Exercise data Block Start

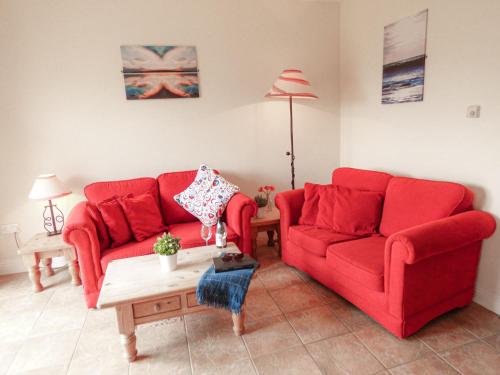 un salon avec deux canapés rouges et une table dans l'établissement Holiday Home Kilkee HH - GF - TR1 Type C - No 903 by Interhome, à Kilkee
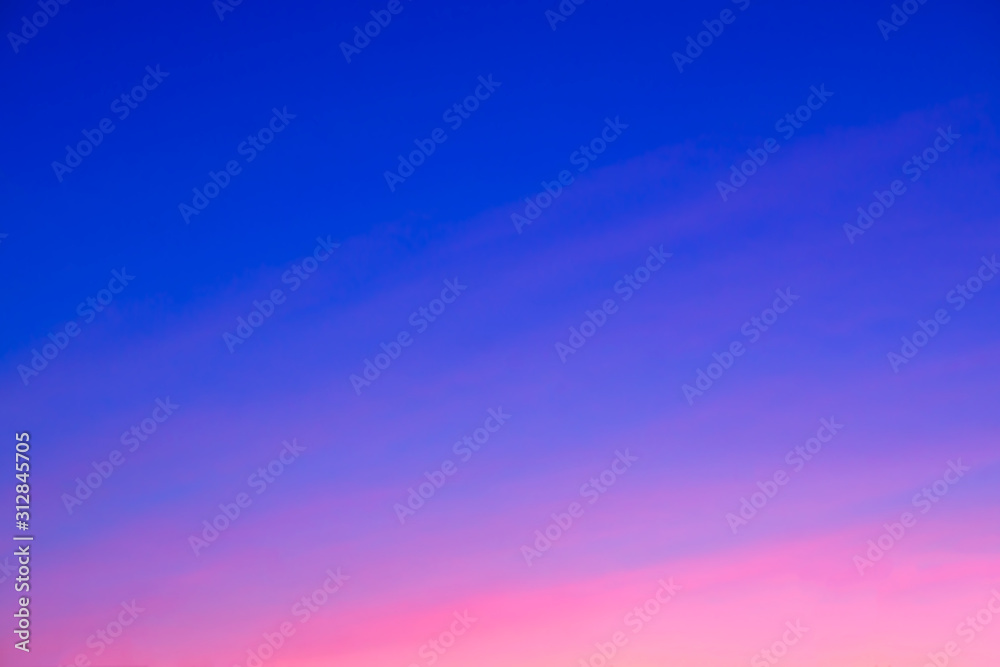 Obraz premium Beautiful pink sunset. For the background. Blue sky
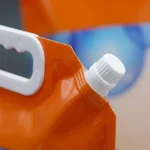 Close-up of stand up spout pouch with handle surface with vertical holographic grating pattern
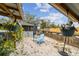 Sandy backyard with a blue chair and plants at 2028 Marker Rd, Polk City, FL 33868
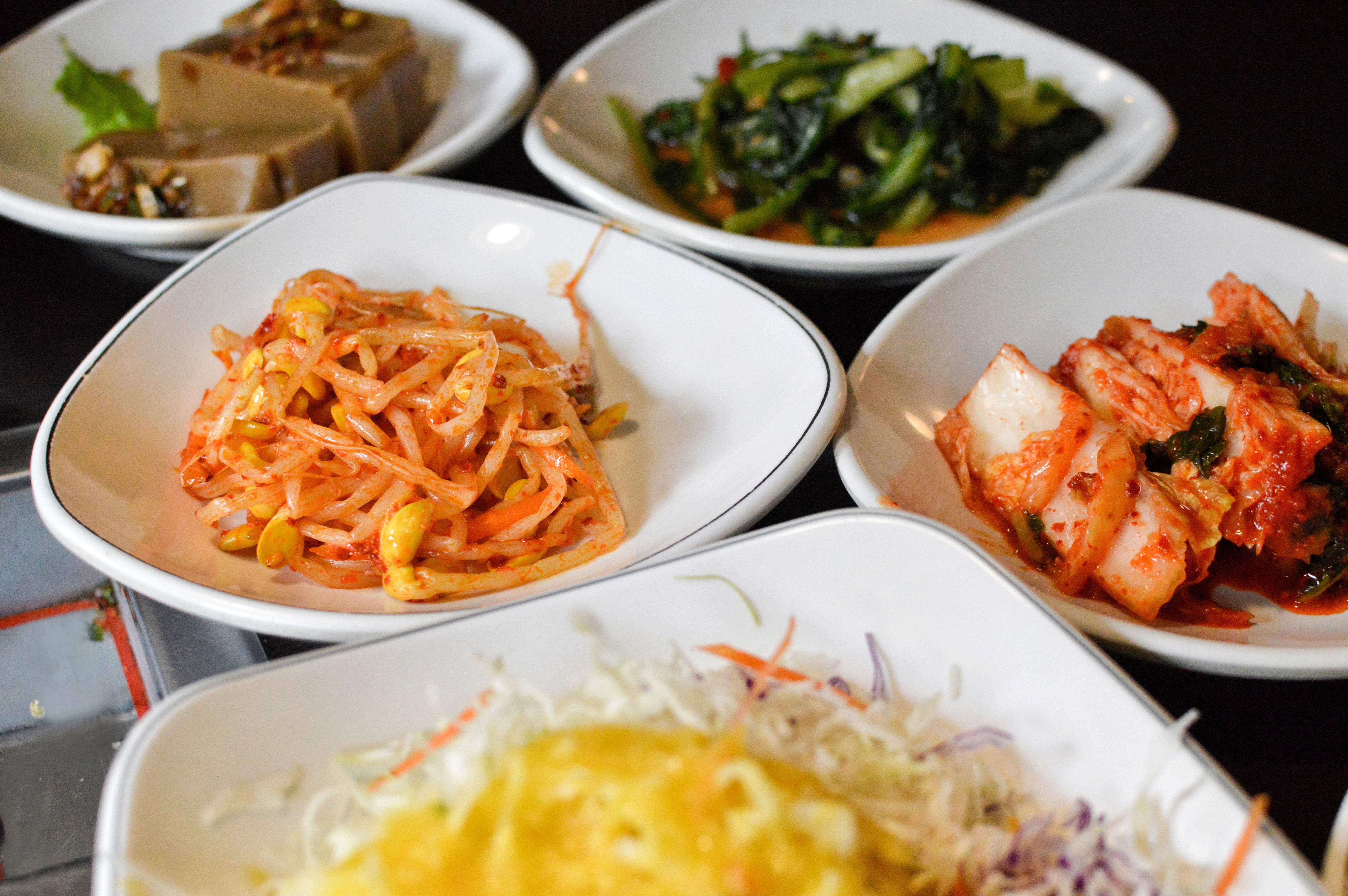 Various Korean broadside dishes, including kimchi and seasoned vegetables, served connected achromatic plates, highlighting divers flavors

Exercise data Block End

Could the lines above be copied out exactly, with no image carried over?

* **Expected answer**:
 un salon avec deux canapés rouges et une table dans l'établissement Holiday Home Kilkee HH - GF - TR1 Type C - No 903 by Interhome, à Kilkee
 Obraz premium Beautiful pink sunset. For the background. Blue sky
 Close-up of stand up spout pouch with handle surface with vertical holographic grating pattern
 Sandy backyard with a blue chair and plants at 2028 Marker Rd, Polk City, FL 33868
 Various Korean broadside dishes, including kimchi and seasoned vegetables, served connected achromatic plates, highlighting divers flavors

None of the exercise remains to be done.